__WHAT THE TASK ASKS__: Below are records; report the number of lines in them that include the word "White", with no other text.

__RECORDS FOR THE TASK__:

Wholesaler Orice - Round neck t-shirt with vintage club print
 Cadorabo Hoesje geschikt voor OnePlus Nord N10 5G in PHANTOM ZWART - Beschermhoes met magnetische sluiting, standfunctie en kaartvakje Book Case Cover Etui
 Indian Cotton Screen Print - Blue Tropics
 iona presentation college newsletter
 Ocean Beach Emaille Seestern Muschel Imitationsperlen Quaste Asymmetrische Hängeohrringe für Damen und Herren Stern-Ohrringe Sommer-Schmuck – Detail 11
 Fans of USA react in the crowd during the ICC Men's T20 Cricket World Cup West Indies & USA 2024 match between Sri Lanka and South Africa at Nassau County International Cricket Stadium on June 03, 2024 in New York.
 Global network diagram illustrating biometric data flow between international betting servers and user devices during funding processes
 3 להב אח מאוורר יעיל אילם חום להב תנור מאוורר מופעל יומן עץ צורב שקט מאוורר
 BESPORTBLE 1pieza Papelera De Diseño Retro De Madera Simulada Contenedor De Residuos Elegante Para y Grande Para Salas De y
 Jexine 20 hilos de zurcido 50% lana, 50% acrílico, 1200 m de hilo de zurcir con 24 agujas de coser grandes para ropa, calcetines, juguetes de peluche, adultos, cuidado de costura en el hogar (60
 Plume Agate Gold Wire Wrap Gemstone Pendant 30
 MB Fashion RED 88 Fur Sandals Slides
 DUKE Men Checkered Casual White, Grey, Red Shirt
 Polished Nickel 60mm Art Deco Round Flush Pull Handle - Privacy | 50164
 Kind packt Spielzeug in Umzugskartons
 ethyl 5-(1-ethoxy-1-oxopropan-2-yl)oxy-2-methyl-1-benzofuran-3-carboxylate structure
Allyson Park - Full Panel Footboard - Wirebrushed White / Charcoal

__REPLY TO THE TASK__: 2